» **Material supplied**
★ ★ ★ ★ ★
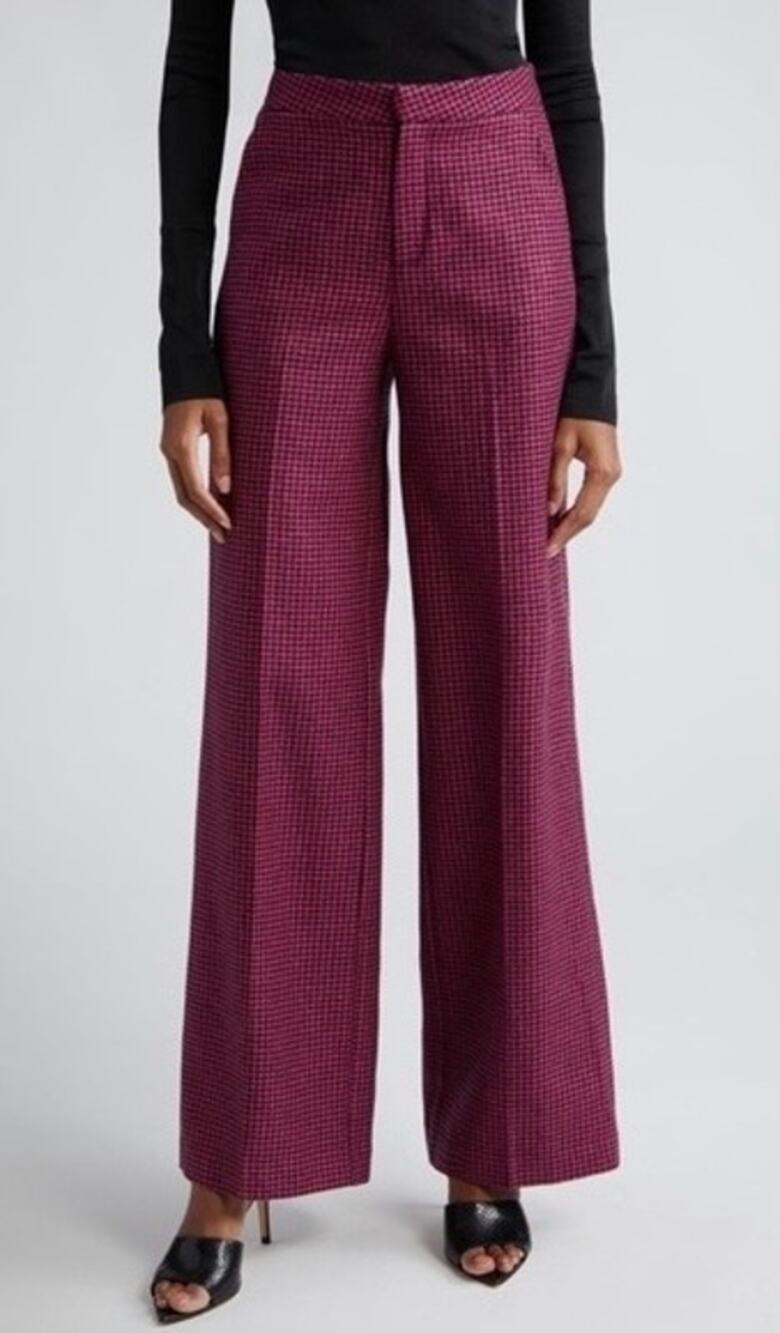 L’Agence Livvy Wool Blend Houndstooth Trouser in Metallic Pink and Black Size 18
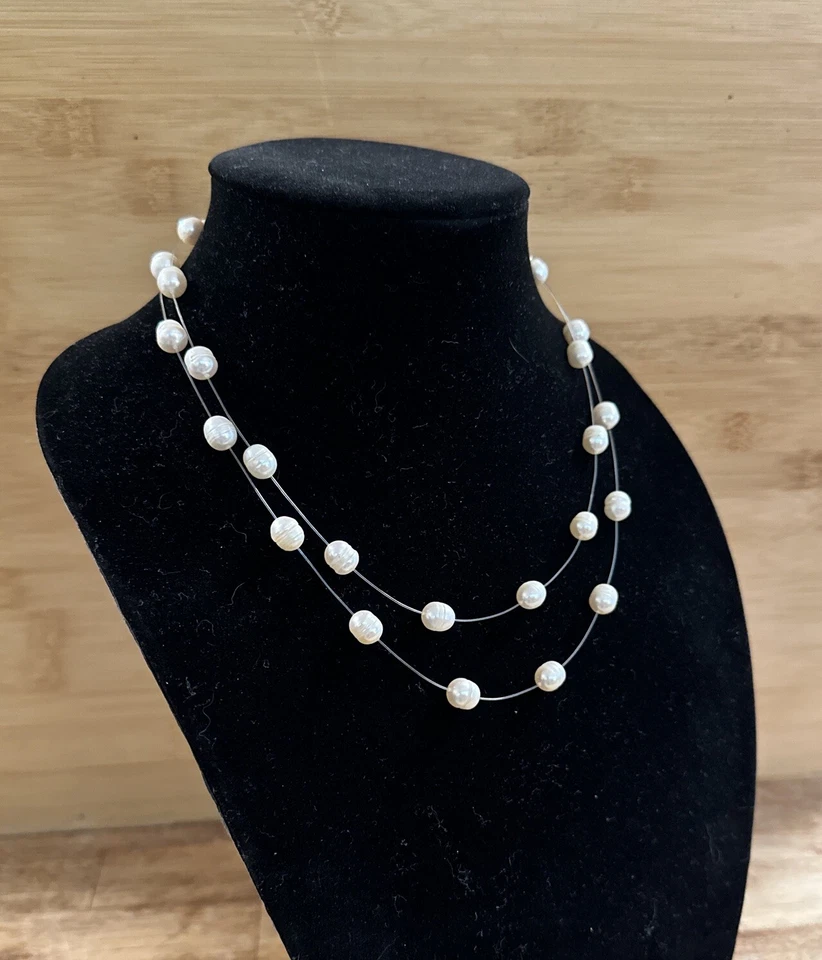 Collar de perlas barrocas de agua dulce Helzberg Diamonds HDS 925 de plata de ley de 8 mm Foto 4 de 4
★ ★ ★ ★ ★
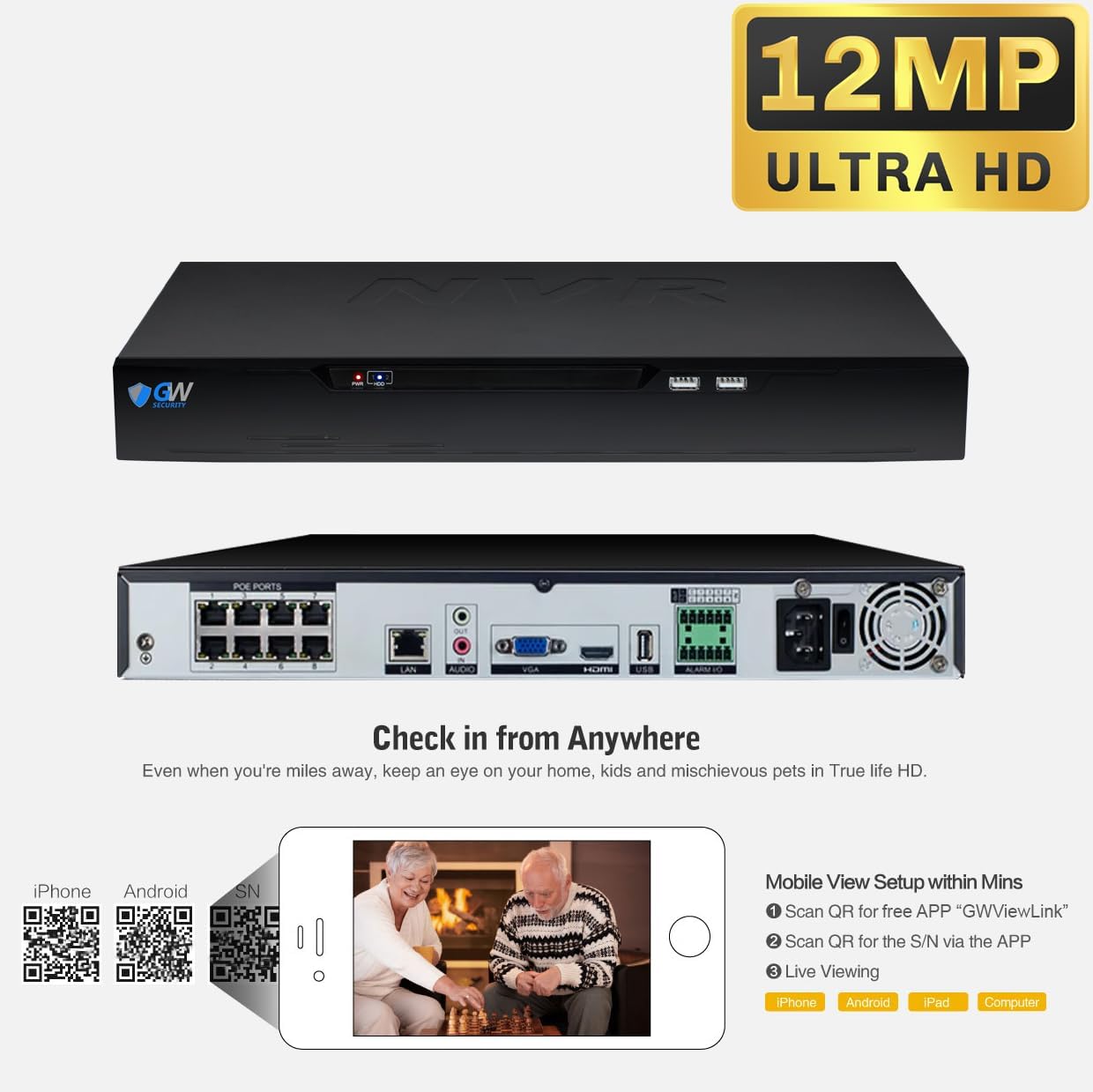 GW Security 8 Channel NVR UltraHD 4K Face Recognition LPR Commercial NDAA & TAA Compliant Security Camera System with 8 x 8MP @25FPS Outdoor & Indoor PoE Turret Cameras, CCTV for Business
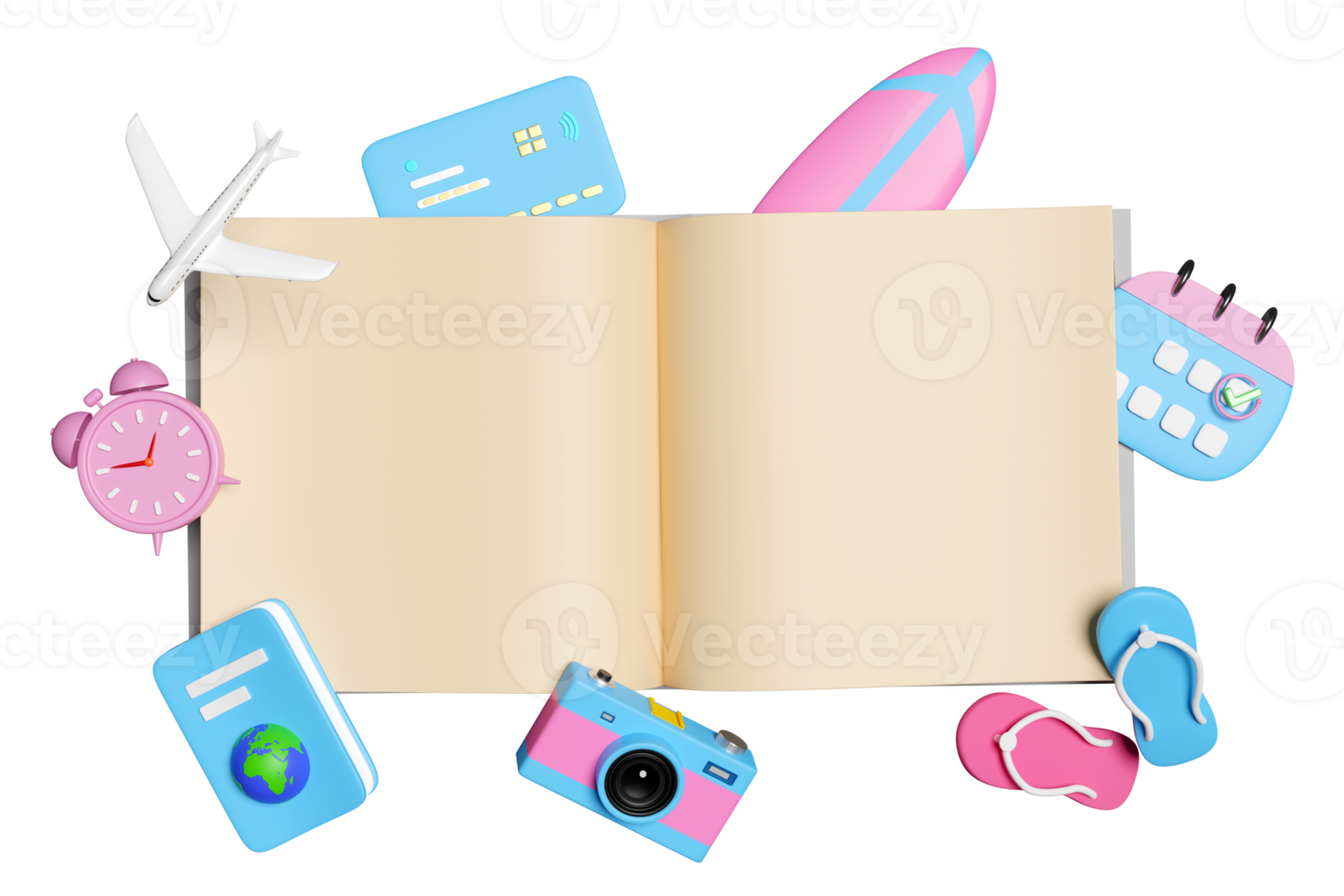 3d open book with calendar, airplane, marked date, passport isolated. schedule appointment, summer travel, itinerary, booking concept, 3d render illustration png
★ ★ ★ ★ ★
» **What is needed**
What are the lines in the records above, word for word, from the one containing "GW Security 8" through the one containing "3d open book", both ends included and pictures left out?

» **Solution to the exercise**
 GW Security 8 Channel NVR UltraHD 4K Face Recognition LPR Commercial NDAA & TAA Compliant Security Camera System with 8 x 8MP @25FPS Outdoor & Indoor PoE Turret Cameras, CCTV for Business
 3d open book with calendar, airplane, marked date, passport isolated. schedule appointment, summer travel, itinerary, booking concept, 3d render illustration png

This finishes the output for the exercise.